:: Given data ::

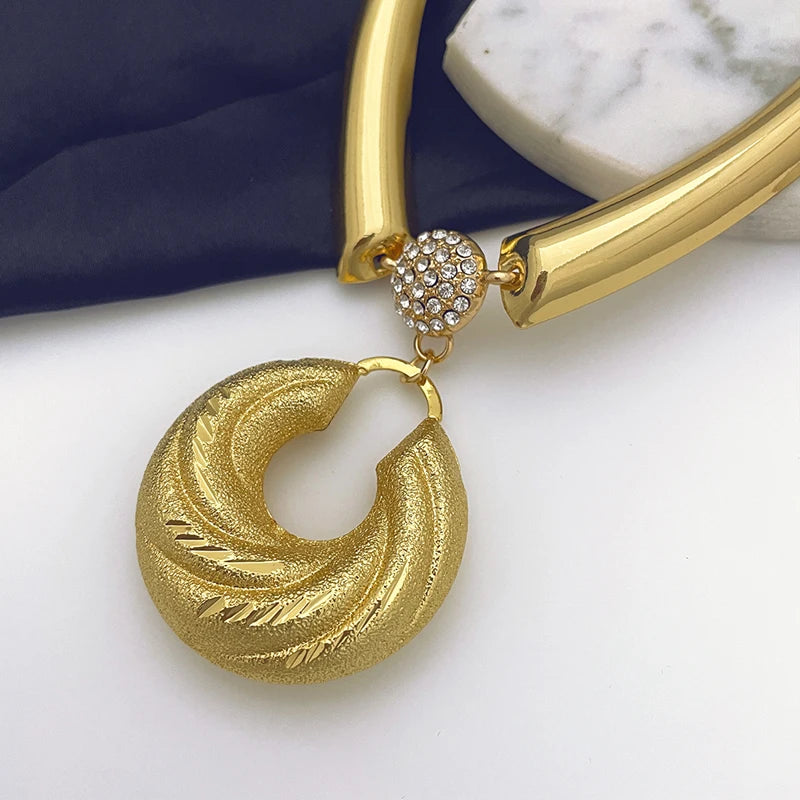 colar, colares, gargantilha, colar feminino, colar dourado, colar delicado, colar para mulher, corrente feminina,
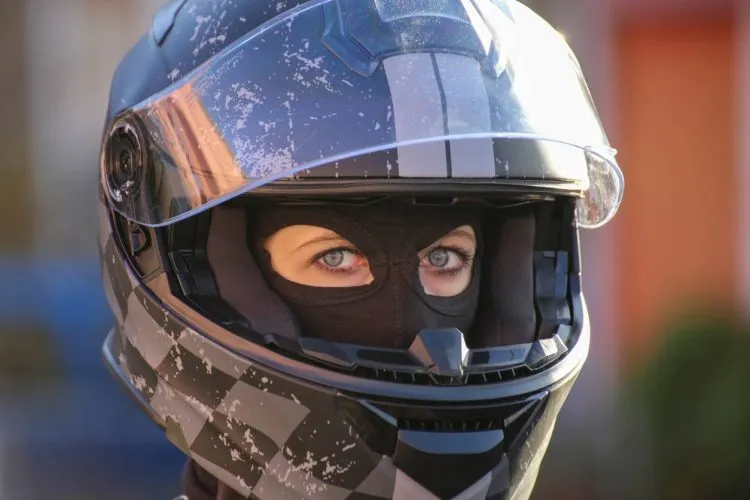 port cagoule de moto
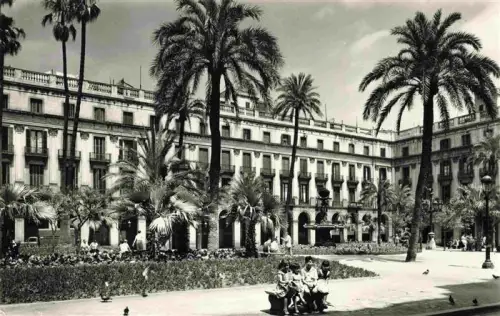 AK / Ansichtskarte BARCELONA Cataluna ES Plaza-Real Platz Palmen Arkaden Neoklassizismus Passanten Kinder Brunnen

:::

Exercise instructions >>
The response consists of the data above printed line for line, with no pictures.

Response area >>
 colar, colares, gargantilha, colar feminino, colar dourado, colar delicado, colar para mulher, corrente feminina,
 port cagoule de moto
 AK / Ansichtskarte BARCELONA Cataluna ES Plaza-Real Platz Palmen Arkaden Neoklassizismus Passanten Kinder Brunnen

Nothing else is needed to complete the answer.